Markdown – How to Convert Files to Dokuwiki on PC

dokuwikifile conversionmarkdown

I'm looking for a tool or script to convert Markdown files to Dokuwiki format, that will run on a PC.

This is so that I can use MarkdownPad on a PC to create initial drafts of documents, and then convert them to Dokuwiki format, to upload to a Dokuwiki installation that I have no control over. (This means that the Markdown plugin is no use to me.)

I could spend time writing a Python script to do the conversion myself, but I'd like to avoid spending time on this, if such a thing exists already.

The Markdown tags I'd like to have supported/converted are:

Heading levels 1 – 5
Bold, italic, underline, fixed width font
Numbered and unnumbered lists
Hyperlinks
Horizontal rules

Does such a tool exist, or is there a good starting point available?

Things I've found and considered

I initially thought that txt2tags would be helpful, but although it can write both markdown and Dokuwiki, it is very tied to its own specific input format
I've also seen Markdown2Dokuwiki, and although I'd certainly be willing to use a sed script, even on a PC, this only supports a tiny, tiny part of Markdown's syntax.
python-markdown2 also sounded promising, but it only writes out HTML.
pandoc – but it doesn't support Dokuwiki output
MultiMarkdown – does not appear to support Dokuwiki output

Best Answer

Stop-Press - August 2014

Since Pandoc 1.13, Pandoc now contains my implementation of DokuWiki writing - and many more features are implemented there than in this script. So this script is now pretty-much redundant.

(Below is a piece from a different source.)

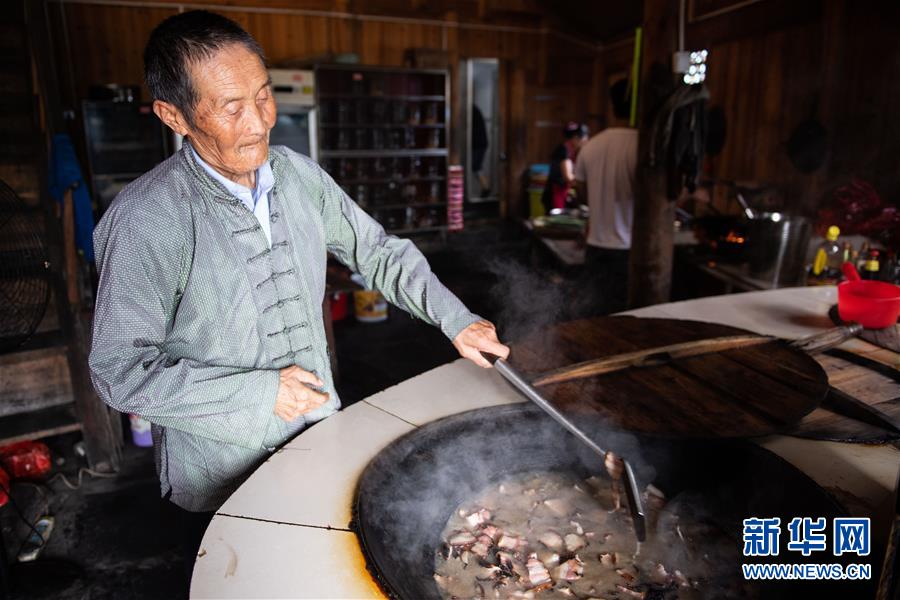 （新華全媒頭條·走向我們的小康生活·圖文互動(dòng)）（8）那山，那人，那苗寨——十八洞村三代人的奮斗史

Having originally said I didn't want to write a Python script to do the conversion, I ended up doing just that.

The real time-saving step was to use Pandoc to parse the Markdown text, and write out a JSON representation of the document. This JSON file was then mostly fairly easy to parse, and write out in DokuWiki format.

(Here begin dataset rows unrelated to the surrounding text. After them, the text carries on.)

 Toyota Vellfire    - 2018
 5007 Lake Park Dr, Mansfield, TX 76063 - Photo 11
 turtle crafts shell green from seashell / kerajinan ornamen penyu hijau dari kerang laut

Below is the script, which implements the bits of Markdown and DokuWiki that I cared about - and a few more. (I've not uploaded the corresponding test suite that I wrote)

Requirements to use it:

Python (I was using 2.7 on Windows)
Pandoc installed, and pandoc.exe in your PATH (or edit the script to put in the full path to Pandoc instead)

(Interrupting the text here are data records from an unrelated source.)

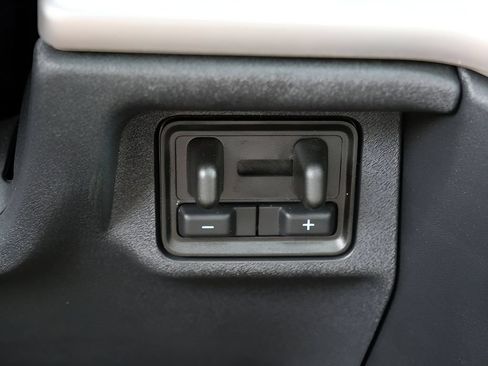 Used 2025 Ford Expedition Active AWD/4WD image 24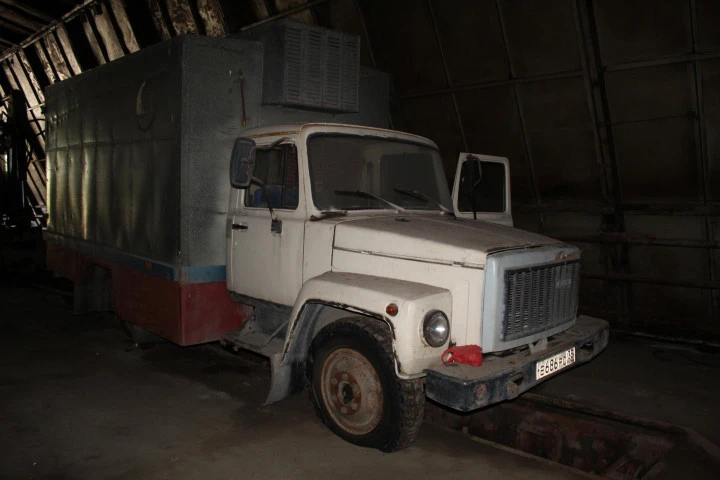 Автомобиль ГАЗ3307 М371601(идентификационный номер (VIN) XTH330700W0793335, год выпуска 1998, кузов № ОТСУТСТВУЕТ, цвет САФАРИ)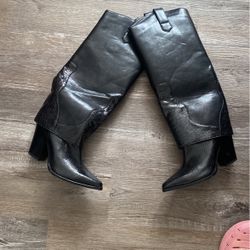 Cow Girl Boots Size 4 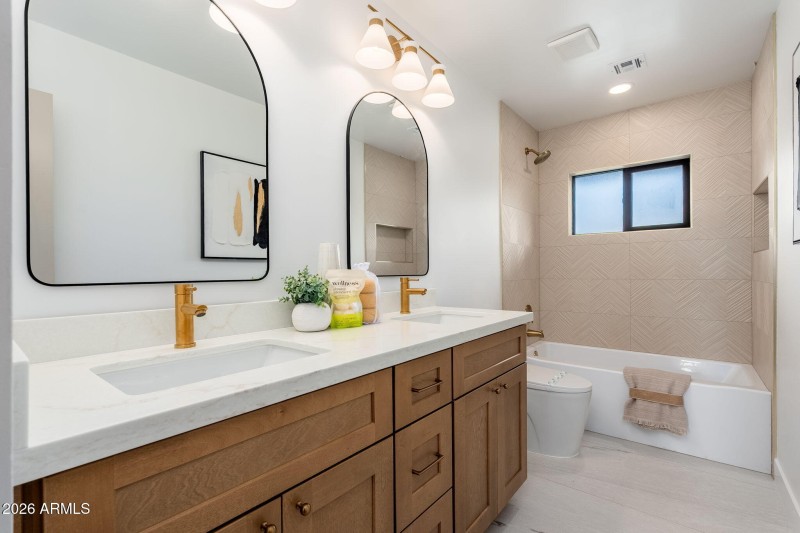 9025 N 83rd Pl - 35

I hope this saves someone else some time too...

Edit 2: 2013-06-26: I've now put this code into GitHub, at https://github.com/claremacrae/markdown_to_dokuwiki.py. Note that the code there adds support for more formats, and also contains a test suite.

Edit 1: adjusted to add code for parsing code samples in Markdown's backtick style:

# -*- coding: latin-1 -*-

import sys
import os
import json

__doc__ = """This script will read a text file in Markdown format,
and convert it to DokuWiki format.

The basic approach is to run pandoc to convert the markdown to JSON,
and then to parse the JSON output, and convert it to dokuwiki, which
is written to standard output

Requirements:
 - pandoc is in the user's PATH
"""

# TODOs
# underlined, fixed-width
# Code quotes

list_depth = 0
list_depth_increment = 2

def process_list( list_marker, value ):
    global list_depth
    list_depth += list_depth_increment
    result = ""
    for item in value:
        result += '\n' + list_depth * unicode( ' ' ) + list_marker + process_container( item )
    list_depth -= list_depth_increment
    if list_depth == 0:
        result += '\n'
    return result

def process_container( container ):
    if isinstance( container, dict ):
        assert( len(container) == 1 )
        key = container.keys()[ 0 ]
        value = container.values()[ 0 ]
        if key == 'Para':
            return process_container( value ) + '\n\n'
        if key == 'Str':
            return value
        elif key == 'Header':
            level = value[0]
            marker = ( 7 - level ) * unicode( '=' )
            return marker + unicode(' ') + process_container( value[1] ) + unicode(' ') + marker + unicode('\n\n')
        elif key == 'Strong':
            return unicode('**') + process_container( value ) + unicode('**')
        elif key == 'Emph':
            return unicode('//') + process_container( value ) + unicode('//')
        elif key == 'Code':
            return unicode("''") + value[1] + unicode("''")
        elif key == "Link":
            url = value[1][0]
            return unicode('[[') + url + unicode('|') + process_container( value[0] ) + unicode(']]')
        elif key == "BulletList":
            return process_list( unicode( '* ' ), value)
        elif key == "OrderedList":
            return process_list( unicode( '- ' ), value[1])
        elif key == "Plain":
            return process_container( value )
        elif key == "BlockQuote":
            # There is no representation of blockquotes in DokuWiki - we'll just
            # have to spit out the unmodified text
            return '\n' + process_container( value ) + '\n'

        #elif key == 'Code':
        #    return unicode("''") + process_container( value ) + unicode("''")
        else:
            return unicode("unknown map key: ") + key + unicode( " value: " ) + str( value )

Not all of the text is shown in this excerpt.